Cheap Trick – BUDOKAN! (Sony/Legacy, 2008)
purchase this album (Amazon)
On the surface, I grant you, this looks like a terrible idea, especially if you’re a Cheap Trick fan. Sony went back to the well with the band’s classic At Budokan album 10 years ago, expanding its (already perfect) 10-track length to include material from the historic concert that was clipped from both the original and 1994’s Budokan II. Now that fans have At Budokan, Budokan II, and At Budokan: The Complete Concert to choose from, what else could possibly left to dredge up from a 30-year-old series of concerts?
Quite a bit, as it turns out. In fact, BUDOKAN! fills three CDs and a DVD — which is really pretty absurd when you hold it up against the perfect blend of power and economy that was At Budokan, but as a collectors’ item, it does pretty well on its own merits. Most importantly to diehards, Legacy has included video footage of the show the band played two days after At Budokan, previously unseen to all but the lucky few who watched it the single time it aired on Japanese television. It’s nothing revelatory, but it’ll prove a powerful lure for diehards — especially when you consider that Amazon is selling the box for $37, well under the $49.98 MSRP.

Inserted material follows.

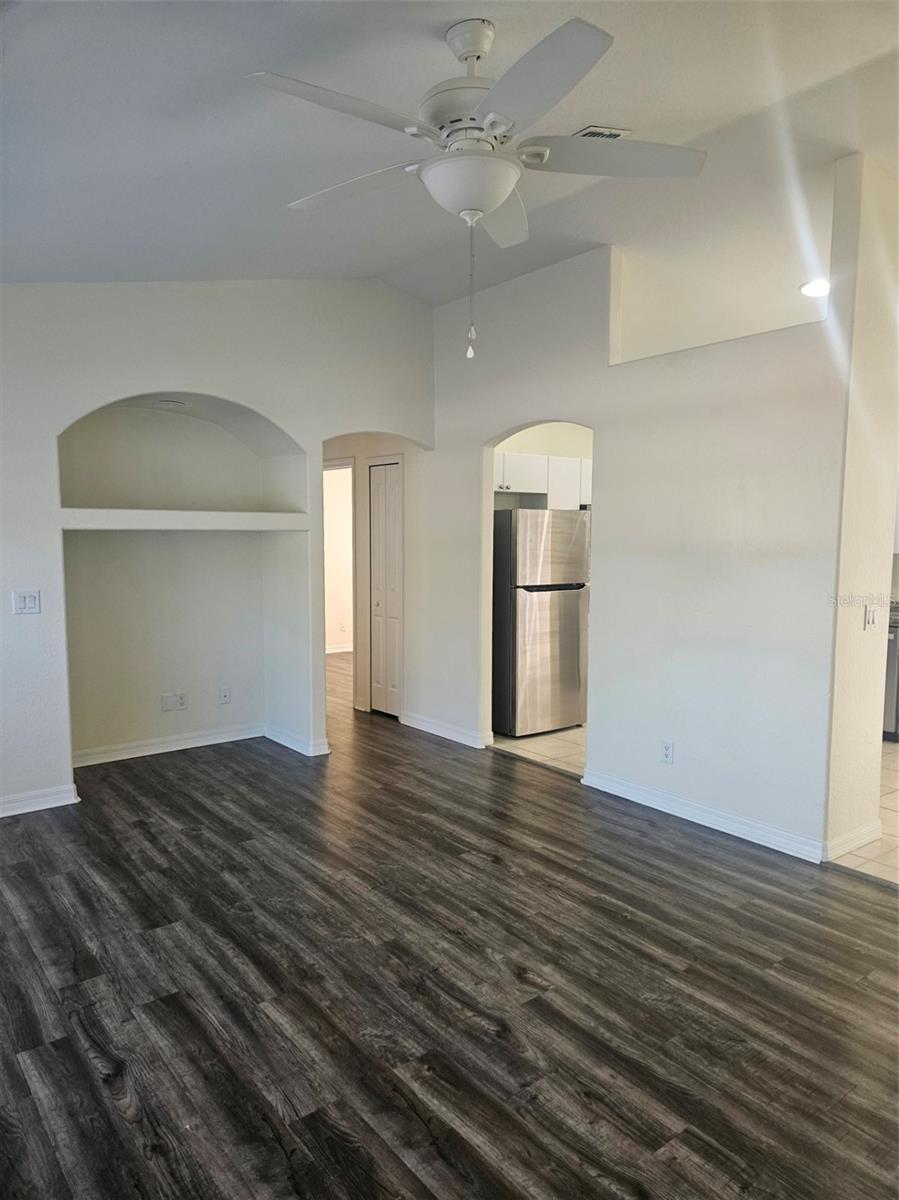 4138 AZORA ST — photo 10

Also included is audio from the DVD performance, as well as the requisite double-disc remastering of At Budokan: The Complete Concert, plus a few stray extras on the DVD, including a pair of performances (“Voices” and “If You Want My Love”) recorded at Budokan earlier this year, and new interview footage.
Are Cheap Trick and Legacy soaking the band’s fans here? Yeah, probably. They could have released the DVD on its own, for one thing, or as a CD/DVD combo, rather than lumping it in with yet another reissue of the complete concert. Devoted Popdose readers know I’ve spent most of ’08 with my nose firmly implanted in Legacy’s buttocks, but BUDOKAN! is one release I think they got wrong — there are certainly fans who already purchased At Budokan, Budokan II, and The Complete Concert, and those are the people who will be most tempted by the prospect of seeing the band in all its ’78 glory. The price point isn’t as prohibitive as it could have been, but even a classic live album doesn’t need a deluxe reissue of its deluxe reissue, does it?
Me, I still think the original At Budokan — currently available for the low, low price of $6.99 — is the best of the lot. And I’ll tell you another thing: I’m not writing “Budokan” again for at least a year.